The 2010 Ball Brothers Foundation Venture Fund grant was awarded to DePauw for a campus start-up initiative aimed at stimulating creativity and innovation as well as fostering competition and collaboration among the state's 31 independent campuses.
Specifically, DePauw’s project is to develop and implement Shakespeare in the Schools, a semester-long program in Putnam County high schools that will focus on the works of William Shakespeare.
“It is a multi-year grant that is enabling us to build a program. Going into the county high schools – on a regular annual basis – is the target philosophy,” Hayes says.
The Winter Term course provided opportunity for students to explore the world of Shakespeare through script analysis, film viewings, performances of scenes –including stage combat training with swords – and acting exercises. The course also began the training for students who plan to participate in the spring course.
There is an obvious challenge for today’s students to understand Shakespeare, who wrote for an Elizabethan audience that lived more than four centuries ago. Hayes began the class with basic Shakespeare literacy but was surprised by how many plays students felt very familiar with.
“I focused on immersion just to get them to hear this language on a daily basis and to think about it. We moved into a very specific sequence of exercises looking at how the meter associates with a motion and what words are stressed and un-stressed.
“To keep students engaged, I introduced a little stage combat,” he says. It was a successful strategy, according to his students.
“This Winter Term definitely re-awakened my love of Shakespeare,” Teresa C. Mazzini ’14 says. “The stage combat was really fun, too. Who wouldn’t love fighting with swords and learning how to fake-fight someone?"

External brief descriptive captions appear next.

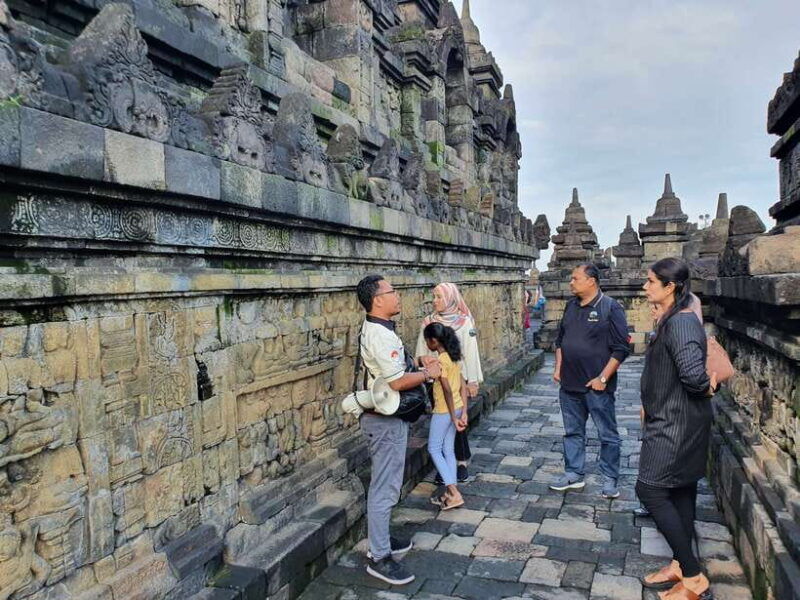 borobudur-real-half-day-tour-no-hidden-cost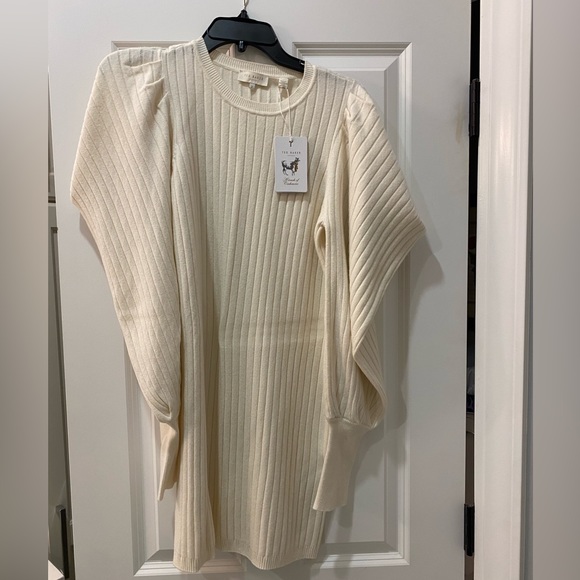 Ted Baker extreme sleeve sweater dress - Picture 5 of 7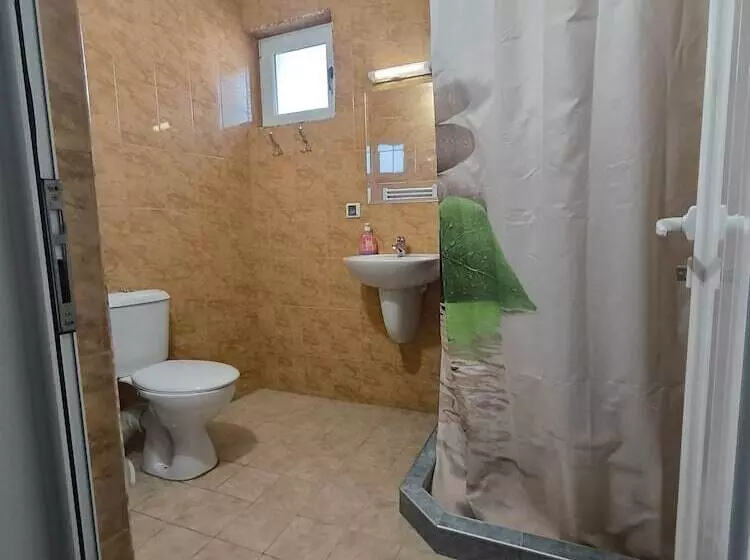 فندق Centaur Family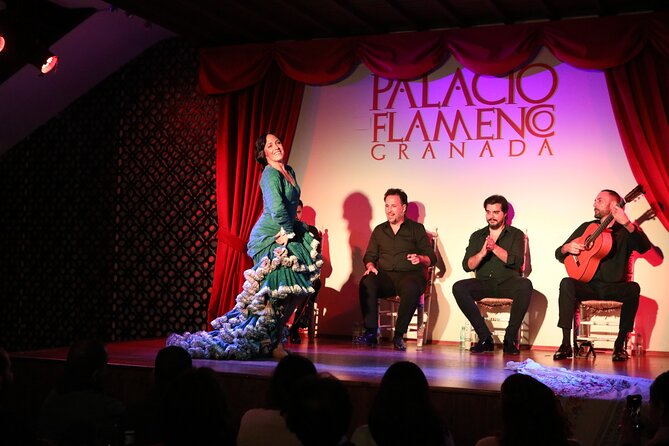 Grenada: Flamenco Palace, the best show in the center - Pre-show bar time: arrive early and use the half hour well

Kristina R. Mulry ’14 says she chose the Winter Term course mostly because of Professor Hayes. “I worked with him last fall in the theatre production, Much Ado About Nothing, which he directed, and I was eager to take a class taught by him. Stage combat was amazing. Learning to crack whips, pull hair and sword fight was the most exciting part of the class,” Mulry says.

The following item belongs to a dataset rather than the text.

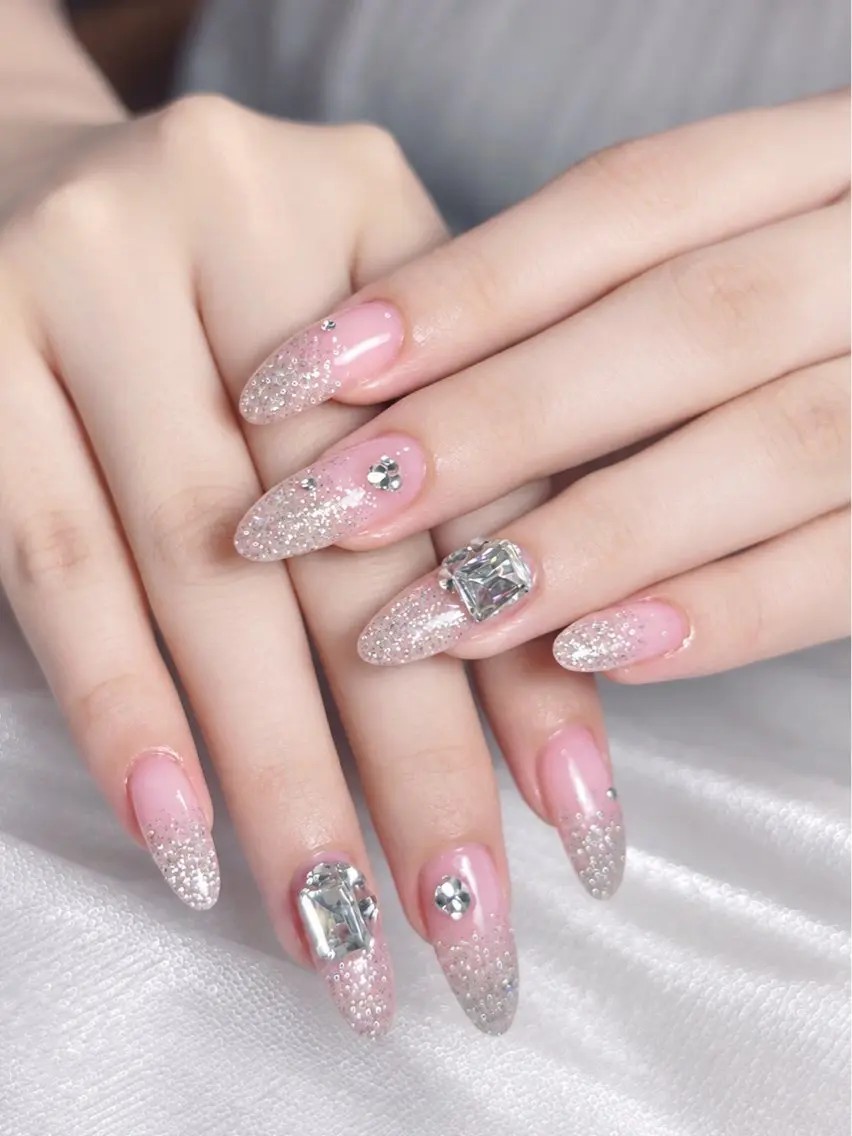 セミロング ハンドネイル KIRIN NAILのネイルデザイン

Hayes is a member of the Society of American Fight Directors, an international organization primarily designed to help theatre practitioners train actors to do acts of violence without hurting themselves or anybody else. He is a certified teacher and well known for his stage combat theatre choreography.
“We have special styles that we teach with different kinds of weapons. Occasionally, I get to teach a full course of stage combat or an abbreviated version like this Winter Term course. It takes a lot of physical preparation on my part, but it’s a very dynamic thing,” he says.
“Making contact with a person is an advanced technique. Think about how many plays you read where someone slaps someone else. So in my choreography, I usually change it to a push or something that’s safer.”
Hayes plans to work with DePauw students during the spring to introduce stage combat to local high school students. He’s enthusiastic about the possibilities that the grant could provide. “If the Shakespeare in the Schools program does catch on and continues, then there is a strong possibility of turning it into a spring Shakespeare festival, which would be very exciting,” Hayes says.
Winter Term takes place each January between fall and spring semesters. It reflects DePauw's serious commitment to non-traditional, experiential learning. Winter Term is a time of adventurous, intellectual exploration.